## PROBLEM STATEMENT
Nothing but the lines from the one with "Support business concept" through the end of the material should be retyped, word for word and without pictures.

## DATA SECTION
=== Begin Enclosure ===

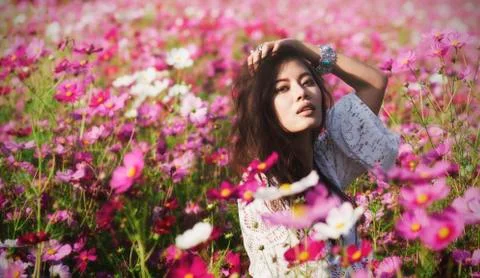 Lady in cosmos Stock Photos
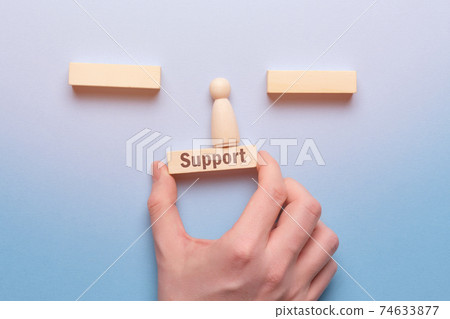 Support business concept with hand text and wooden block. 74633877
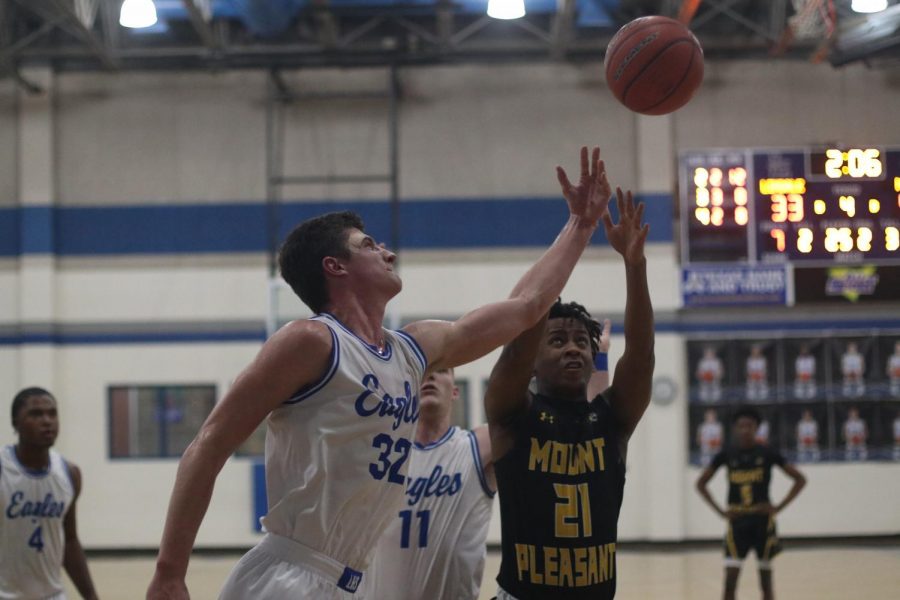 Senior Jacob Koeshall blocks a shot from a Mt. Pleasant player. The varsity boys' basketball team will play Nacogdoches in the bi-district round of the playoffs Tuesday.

=== End Enclosure ===

## SOLUTION
 Support business concept with hand text and wooden block. 74633877
 Senior Jacob Koeshall blocks a shot from a Mt. Pleasant player. The varsity boys' basketball team will play Nacogdoches in the bi-district round of the playoffs Tuesday.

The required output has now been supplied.